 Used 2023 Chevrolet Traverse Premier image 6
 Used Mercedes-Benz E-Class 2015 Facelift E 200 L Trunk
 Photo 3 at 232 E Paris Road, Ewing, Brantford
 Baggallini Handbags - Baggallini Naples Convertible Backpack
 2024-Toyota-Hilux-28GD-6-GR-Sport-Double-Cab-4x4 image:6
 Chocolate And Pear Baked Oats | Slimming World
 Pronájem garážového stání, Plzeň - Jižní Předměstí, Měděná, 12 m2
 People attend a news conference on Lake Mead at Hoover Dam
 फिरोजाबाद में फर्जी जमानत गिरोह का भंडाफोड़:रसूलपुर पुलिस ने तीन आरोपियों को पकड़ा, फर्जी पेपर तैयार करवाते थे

...

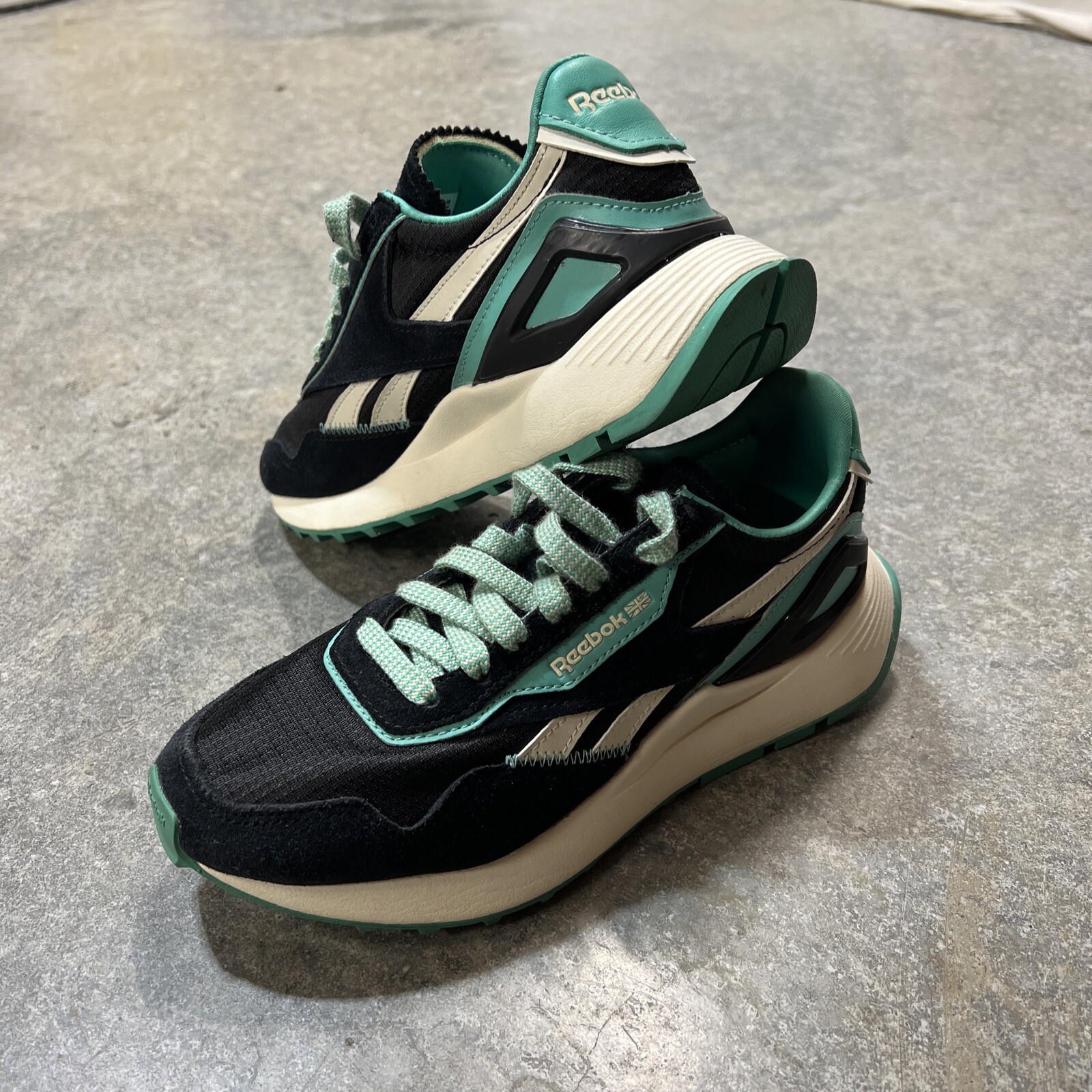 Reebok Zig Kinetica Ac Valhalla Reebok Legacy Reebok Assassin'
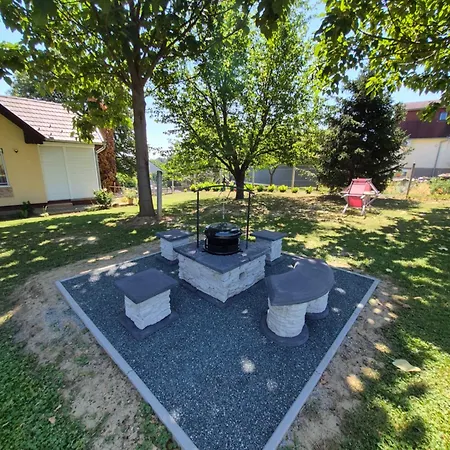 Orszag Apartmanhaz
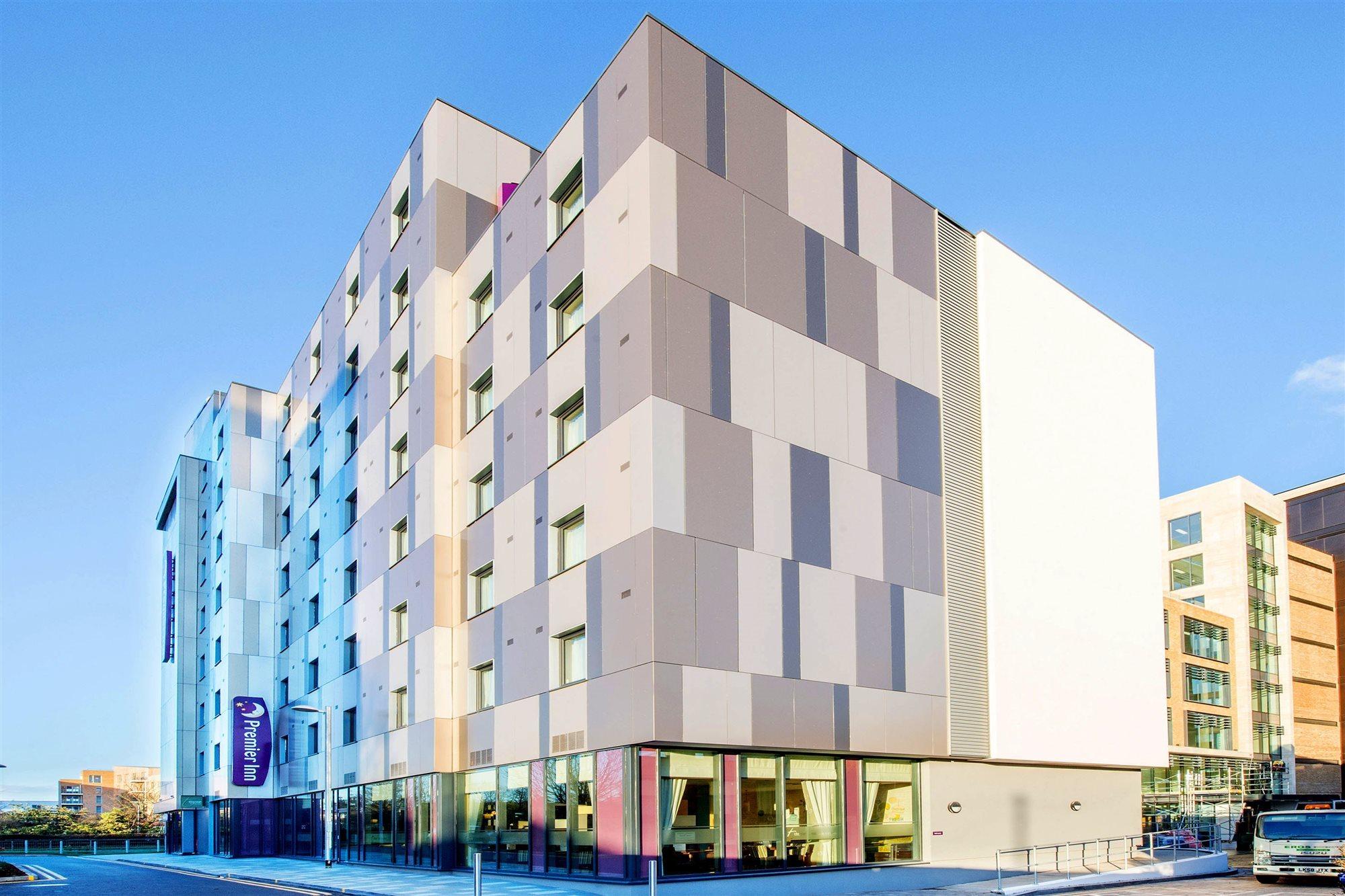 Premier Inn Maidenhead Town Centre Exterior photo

Exercise prompt:
Write out exactly the lines above between the line with "Baggallini Handbags - Baggallini" and the line with "Pronájem garážového stání, Plzeň", inclusive, and nothing beyond them.

Response to this exercise:
 Baggallini Handbags - Baggallini Naples Convertible Backpack
 2024-Toyota-Hilux-28GD-6-GR-Sport-Double-Cab-4x4 image:6
 Chocolate And Pear Baked Oats | Slimming World
 Pronájem garážového stání, Plzeň - Jižní Předměstí, Měděná, 12 m2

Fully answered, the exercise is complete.